Growing up, Suzanne O’Neill was motivated to help others.
In her adult life she found the ideal way to do that with the Wisconsin State Public Defender’s Office.
O’Neill started as an assistant state public defender in 1991 before being promoted to manager of the Wausau SPD office in 2004, and then regional manager in 2017, where she supervises SPD offices not only in Wausau, but also Merrill, Rhinelander and Stevens Point, which represent clients in 13 counties.
“I was always driven to provide the best possible defense to my clients,” said O’Neill, adding she has handled a wide variety of cases from juvenile to homicide. “I still have my own caseload in addition to managing the other staff.
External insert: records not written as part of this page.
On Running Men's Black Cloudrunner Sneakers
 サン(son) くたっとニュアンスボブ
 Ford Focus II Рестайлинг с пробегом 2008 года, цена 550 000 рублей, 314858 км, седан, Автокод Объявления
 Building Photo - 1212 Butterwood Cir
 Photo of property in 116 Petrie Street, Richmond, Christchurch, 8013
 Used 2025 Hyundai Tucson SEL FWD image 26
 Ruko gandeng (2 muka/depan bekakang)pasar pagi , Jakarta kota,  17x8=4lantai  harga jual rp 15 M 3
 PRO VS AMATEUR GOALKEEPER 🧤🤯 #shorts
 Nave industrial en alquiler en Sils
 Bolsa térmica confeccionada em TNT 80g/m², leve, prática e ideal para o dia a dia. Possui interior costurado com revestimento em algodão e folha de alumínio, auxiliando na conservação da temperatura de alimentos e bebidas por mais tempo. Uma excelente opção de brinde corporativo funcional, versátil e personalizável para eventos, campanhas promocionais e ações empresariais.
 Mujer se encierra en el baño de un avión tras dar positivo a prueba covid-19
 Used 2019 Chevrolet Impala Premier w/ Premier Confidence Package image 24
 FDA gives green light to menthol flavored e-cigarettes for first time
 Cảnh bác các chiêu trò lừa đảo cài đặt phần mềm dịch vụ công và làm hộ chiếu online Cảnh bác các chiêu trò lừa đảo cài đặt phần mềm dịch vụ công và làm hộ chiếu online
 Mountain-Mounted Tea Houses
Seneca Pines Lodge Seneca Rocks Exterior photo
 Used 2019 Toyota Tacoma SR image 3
It’s a balance I have learned to work out.”
Growing up in Oak Park just west of Chicago, O’Neill would often travel to the city with her parents. She witnessed people in need and was always looking for a way to help. O’Neill determined a legal career representing those who could not afford their own attorney was one way to make a difference.
In addition to her busy caseload and management responsibilities, O’Neill is active in multiple Marathon County and statewide organizations. In Marathon County, she’s been past-president of the local bar association, a member of the Criminal Justice Advisory Committee, Juvenile Justice Advisory Committee, OWI Treatment Court Committee and the Committee to Implement Trauma Informed Care and Evidence-Based Decision Making Initiative – just to name a few. Statewide, she is involved in SPD’s Leadership Development Program and the SPD’s Affirmative Action Committee.
“If you can affect system change beyond your clients, that is even more rewarding and I think that is part of why I have become so involved,” she said.
Jennifer Bias, trial division director for the SPD, said O’Neill is seen as a leader in the community.
“Suzanne has become recognized as a leader not only by the SPD staff, but other related professionals in Marathon County,” Bias said.
O’Neill said working with children and teens means a stronger future for everyone. She lives that out by volunteering with teens as a high school mock trial judge and by teaching a law class at a local high school.
“It’s better to be busy than be idle,” O’Neill said.